For instance, one couple told him they both wanted a DNR order in their directives should they suffer a heart attack. The wife had experienced years of ill health and multiple recurrences of cancer, so the DNR order made sense.

But the husband was in good health, so Childs reminded him that he’d likely recover in the event of a moderate attack, and would be able to enjoy many years with his grandchildren. The man took his advice.

Make your words count

Choose attorneys who will carry out instructions without compromising their own beliefs. For instance, Hoffstein’s seen cases where children don’t share their parent’s religious views, so the parent may have to select a third-party attorney.

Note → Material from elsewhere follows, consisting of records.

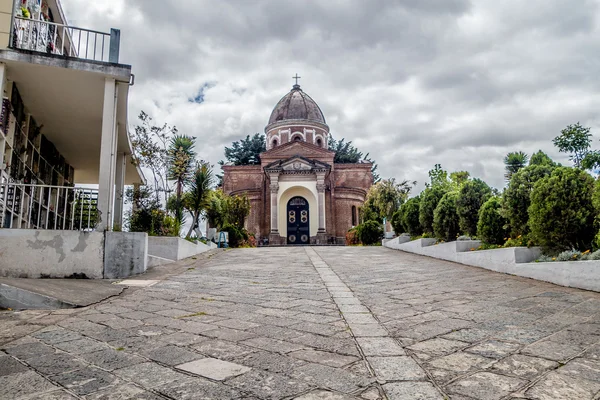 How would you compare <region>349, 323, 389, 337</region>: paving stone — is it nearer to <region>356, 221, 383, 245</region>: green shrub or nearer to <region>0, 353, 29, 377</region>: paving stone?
<region>0, 353, 29, 377</region>: paving stone

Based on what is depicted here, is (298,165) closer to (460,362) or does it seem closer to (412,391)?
(460,362)

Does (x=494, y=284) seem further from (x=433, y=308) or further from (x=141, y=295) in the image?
(x=141, y=295)

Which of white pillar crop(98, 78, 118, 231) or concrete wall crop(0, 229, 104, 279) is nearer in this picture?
concrete wall crop(0, 229, 104, 279)

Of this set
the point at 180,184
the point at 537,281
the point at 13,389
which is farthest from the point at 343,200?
the point at 13,389

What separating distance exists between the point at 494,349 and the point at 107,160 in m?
6.49

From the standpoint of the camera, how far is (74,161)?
14188mm

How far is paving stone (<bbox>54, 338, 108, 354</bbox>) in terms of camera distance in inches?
117

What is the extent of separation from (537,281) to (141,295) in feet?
19.5

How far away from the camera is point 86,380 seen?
2402 millimetres


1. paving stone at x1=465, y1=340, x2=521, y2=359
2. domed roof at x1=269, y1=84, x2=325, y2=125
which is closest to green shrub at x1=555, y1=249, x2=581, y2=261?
paving stone at x1=465, y1=340, x2=521, y2=359

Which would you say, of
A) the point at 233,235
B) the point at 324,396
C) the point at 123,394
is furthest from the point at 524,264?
the point at 233,235

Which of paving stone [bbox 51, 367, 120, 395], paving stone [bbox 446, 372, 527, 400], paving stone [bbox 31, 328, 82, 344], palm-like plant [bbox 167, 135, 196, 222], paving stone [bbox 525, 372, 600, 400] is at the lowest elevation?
paving stone [bbox 525, 372, 600, 400]

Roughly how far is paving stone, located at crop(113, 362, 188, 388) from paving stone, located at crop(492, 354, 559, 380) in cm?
189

Hoffstein’s approach is to avoid legally imprecise descriptions of a person’s state. Rather, he says, the directive can rule out specific types of medical interventions. And it can also state you don’t want to undergo life-prolonging procedures unless they result in certain quality-of-life thresholds, such as the ability to take food orally, or engage socially with others.

But, he adds, “I don’t think there’s any perfect language.”

Christine Van Cauwenberghe, assistant vice president of tax and estate planning for Investors Group in Winnipeg, agrees. She advises you have your family physician review the document and provide input on whether the instructions make sense medically.

“You don’t want to have a situation where you lose capacity and go to the hospital, but the hospital says they don’t know what [the directive] means.”

Also, add language that describes how family members and caregivers determine whether you no longer have the mental capacity to make your own choices. In the case of a long-term degenerative illness, for example, that threshold should be clear.

To avoid family disputes, the care directive can state the PoA comes into effect only if there’s been a third-party assessment by the family doctor or certified capacity assessor.